おれの手首を、ケガしてねえほうの手で握って、反動つけて元気な片足だけで立ち上がる。
辺りはうすら寒ィのに。
ズキズキするほど…あったかい手だった。
「で、今夜、何時頃行けばいいんだ?」
珍しく、おれに、おとなしく背中支えられながら、ゾロがひょこひょこ歩いてやがる。やっぱ独りで歩くのかなりキツそうじゃねェか。ま、コイツが素直なのは、酒ジュースの効果、絶大って感じ?こりゃ、おれにしか出来ねェ技だしなァ。
「べつに、何時でも。おれァ、ずっと起きてるし」
「じゃあ、12時前に行く」
「そだな。11月11日が終る前に来とけよ。誕生祝いなんだから」
「ああ」
無造作に聞かれて
無造作に答える。
でも。
おれの側にあるゾロの手は、しっかり、おれの腕を掴んでてて。
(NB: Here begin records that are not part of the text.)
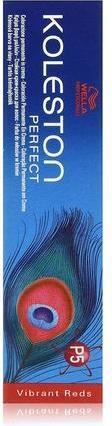 Produktbild Wella Number 81454166 Kp Vibrant Reds Permanent Coloring 60 Ml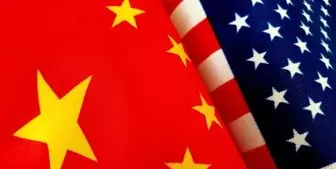 ادامه درگیری لفظی چین و آمریکا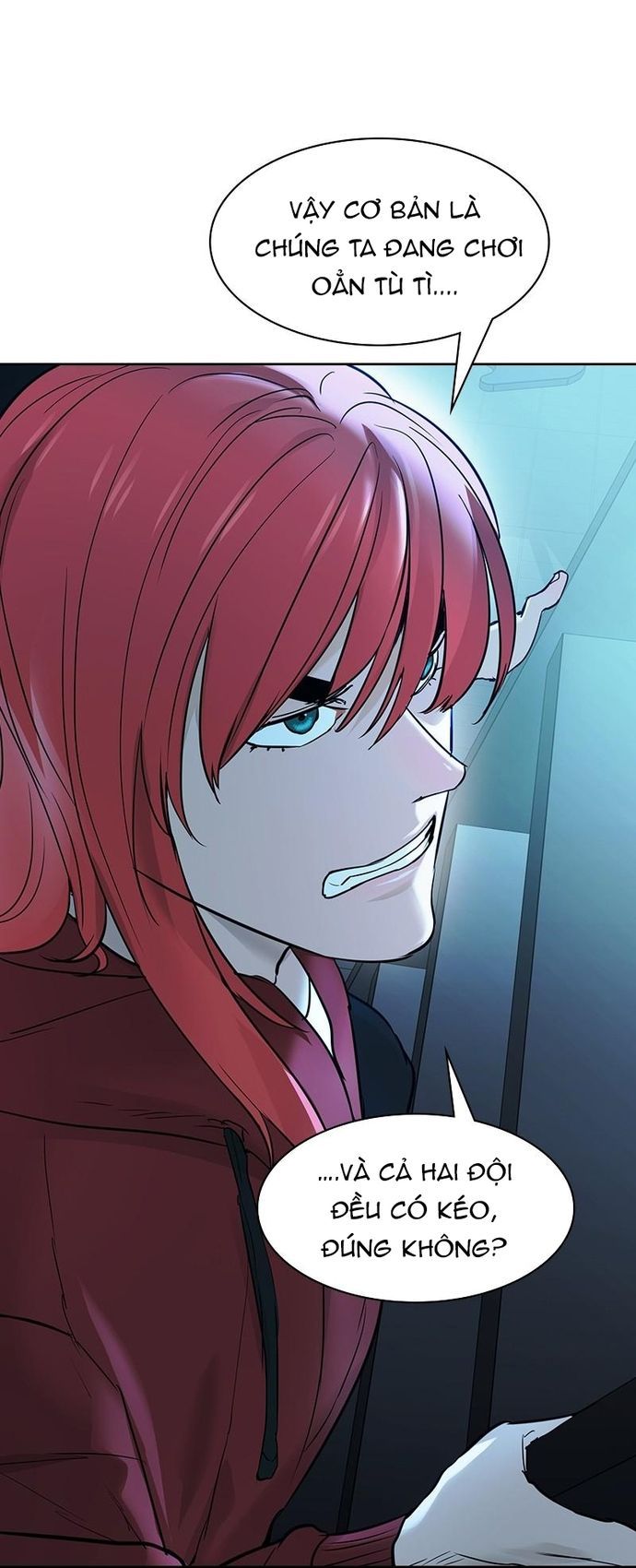 Tiền Bạc Và Quyền Lực Chapter 122 - 93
ちゃんと体重預けてくるから、
なんだか、おれは、幸せだと思った。
もちろん、ジジイに育てられた9年間だって、幸せだったわけだけど。
なんつーの?
もう、飢えても渇いてもねえっていうか……。
好きなヤツのために、存分に何かしてやれるって、気持ちいいモンだよなァ。
それだけで、ほかに代償いらねえって気ィするよな。
ジジイの心境も、ちっとだけだが、わかった気するよ。
おれとジジイ、コイツとおれじゃあ、なんかイロイロ違うけど…。
この、あったけェ背中を支えてやれるおれは、
あったけェ手で、つかまれてるおれは、
なんか、すごく満ち足りてると、思った。
ラウンジの、窓の明かりがキラキラしてる。
誰かが、またバカやったらしく、どっと陽気な笑い声が響いてくる。
11月11日の、今日、という日、
ごったがえした嬉しさが、この船に、溢れているみてェだった……。